The heart of the issue we are debating is complexity…the complexity of social change.  More specifically, this is a debate about how we conceive of/represent social complexity (i.e. ontology) and how we understand/interpret social complexity (i.e. epistemology).

The majority of commentators in the international aid space now acknowledge the pragmatic reality that social change is complex; and hence recognise the need for more sophisticated approaches to respond to this complexity.  The majority of people also believe that an iterative approach (e.g. action-learning) has integrity as a way of grappling with this complexity.   

So, we may agree that the predominant view at this time rejects an ontology of simple-linear social change (as represented in the logframe), and embraces an epistemology of emergent knowledge rather than defined-in-advance, structured knowledge (as implied in a blue print).

I believe we are singing from the same hymn book up to here (?).

Where I think we diverge is on the matter of scale.  In other words, where in the scale of social complexity should the emergent/iterative/action-learning approach be most effectively applied?  You compellingly argue that it should be applied all the way to the ‘coal face’ (i.e. within the ‘project level’).  I argue that action at ‘the coal face’ should take place within a broader iterative framework (i.e. the ‘program level’) but the ‘theory of change’ of any single project should itself (to the extent possible) be defined.  (N.B. ‘defined’ is importantly different to ‘small’…w.r.t metaphorically “taking smaller mouthfuls of the problem”).

While the academic in me warms to the former idea, the pragmatic (perhaps jaded?) practitioner in me has concerns, hence the queries I raised in my appraisal note.  My concerns arise from two sources of ambiguity:

  • ambiguity about operational management
  • ambiguity about how lessons will actually be captured and applied (in practice)

The ‘operational-management-ambiguity’ arises from the pressure imposed on the implementation team to make the emergent/iterative approach work on the ground.  Without knowing the specifics of the team’s capacity, my concern was based on a general observation that humans tend to need a plan and a limited focus in order to get things done.

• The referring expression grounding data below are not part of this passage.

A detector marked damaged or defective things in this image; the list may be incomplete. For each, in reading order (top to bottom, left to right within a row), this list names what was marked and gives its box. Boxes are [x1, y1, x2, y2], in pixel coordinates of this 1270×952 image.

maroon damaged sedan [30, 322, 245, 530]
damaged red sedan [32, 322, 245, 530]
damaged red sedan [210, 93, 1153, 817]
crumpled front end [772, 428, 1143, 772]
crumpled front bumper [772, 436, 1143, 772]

When an NGO worker gets up in the morning, rides to the office on his/her motor-bike and asks him/herself “what am I going to do today?”, there needs to be a clear answer. Having a clear answer to that question is about the project plan.  Without this clarity, management and logistics required for day-to-day operations becomes even more difficult than it already is in the development context.  Applying the emergent/iterative approach at the ‘coal face’ effectively delegates the work of the design team to the implementation team, thereby increasing their workload and capacity requirements.

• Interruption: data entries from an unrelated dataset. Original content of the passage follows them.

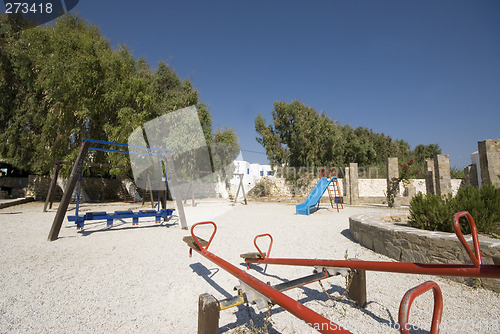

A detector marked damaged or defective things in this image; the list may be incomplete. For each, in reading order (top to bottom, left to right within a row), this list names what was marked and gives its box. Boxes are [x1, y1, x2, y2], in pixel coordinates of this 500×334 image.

rusty seesaw [185, 213, 500, 332] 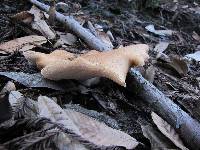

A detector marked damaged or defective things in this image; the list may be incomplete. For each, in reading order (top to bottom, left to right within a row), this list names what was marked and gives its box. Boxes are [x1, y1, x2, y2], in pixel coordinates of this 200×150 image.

broken stick [28, 0, 112, 51] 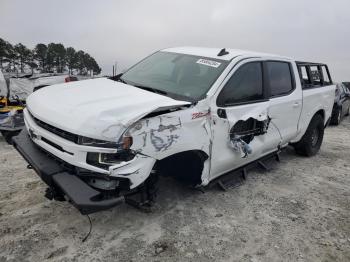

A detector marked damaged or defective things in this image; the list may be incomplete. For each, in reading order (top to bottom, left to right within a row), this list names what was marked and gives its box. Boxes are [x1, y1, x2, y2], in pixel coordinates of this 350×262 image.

crumpled hood [27, 77, 190, 140]
detached bumper [12, 129, 124, 215]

The ‘practical-application-of-lessons-ambiguity’ recognises that the whole raison d’être for an iterative/emergent approach to development is to learn in the face of complexity.  As you so succinctly articulated, “action-learning and participatory approaches are ways to help through the complexity of the real life development context”.  But beyond the acknowledged ideal of being a so-called ‘learning organisation’, our persistent challenge is to identify practical mechanisms to actually capture and apply lessons.  I like the practical definition of ‘learning’ by Gharajedaghi (who studies chaos and complexity…arguably a highly relevant field to this discussion :))…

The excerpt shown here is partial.